Question

In a measurement, it is asked to find the modulus of elasticity per unit torque applied on the system. The measured quantity has the dimension of \( [M^a L^b T^c] \). If \( b = 3 \), the value of \( c \) is:

Hint:

When calculating dimensions, always ensure that the units cancel out properly and match the given dimensions.

Answer 1

Correct Answer: 0

Step 1: Derivation of Modulus of Elasticity Dimensions

Modulus of Elasticity (Young's Modulus) is defined as \( \frac{\text{Stress}}{\text{Strain}} \).
As strain is dimensionless, the dimensions of Modulus of Elasticity are equivalent to the dimensions of Stress.
Stress is calculated as \( \frac{\text{Force}}{\text{Area}} \), which translates to \( \frac{[M^1 L^1 T^{-2}]}{[L^2]} = [M^1 L^{-1} T^{-2}] \).

Step 2: Derivation of Torque Dimensions

Torque is calculated as \( \text{Force} \times \text{Distance} \).
The dimensions are \( [M^1 L^1 T^{-2}] \times [L] = [M^1 L^2 T^{-2}] \).

Step 3: Determining the Dimension of the Measured Quantity

The measured quantity is the ratio of Modulus of Elasticity to Torque.
The dimensional analysis is as follows: \[ \text{Dimension} = \frac{[M^1 L^{-1} T^{-2}]}{[M^1 L^2 T^{-2}]} = [M^{1 - 1} L^{-1 - 2} T^{-2 + 2}] \] \[ = [M^{0} L^{-3} T^{0}] = [L^{-3}] \]

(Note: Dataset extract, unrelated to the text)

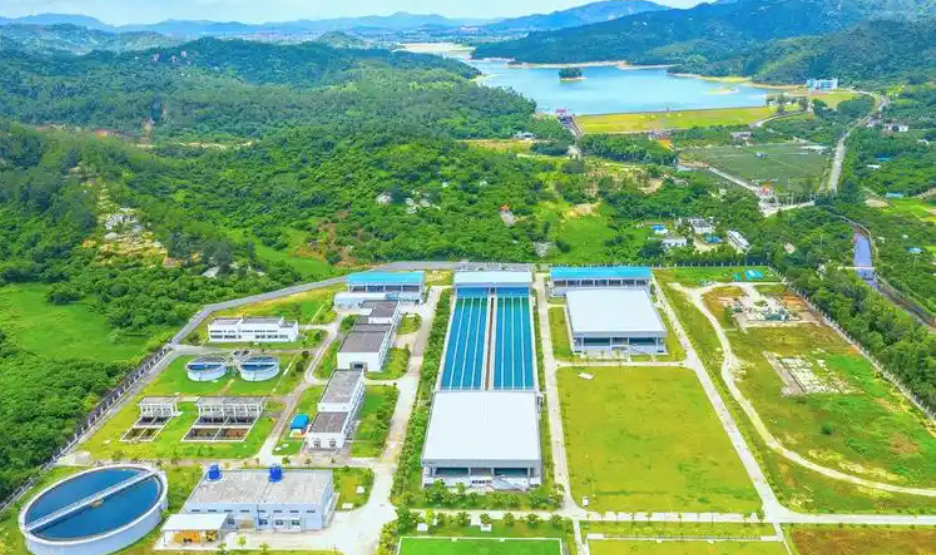 珠海市东澳岛南村水质净化厂及配套管网工程-波波资源网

Step 4: Comparison with the General Form \( [M^a L^b T^c] \)

Comparing the derived dimensions with the general form: \[ [M^0 L^{-3} T^0] = [M^a L^b T^c] \] This yields the exponents: \[ a = 0, \, b = -3, \, c = 0 \]

Step 5: Given \( b = 3 \) and Determining \( c \)

Given the requirement to compare with \( b = 3 \), we consider the magnitude of the calculated exponent for length, which is \( |b| = |-3| = 3 \).
The value of \( c \) is therefore: \[ \boldsymbol{0} \]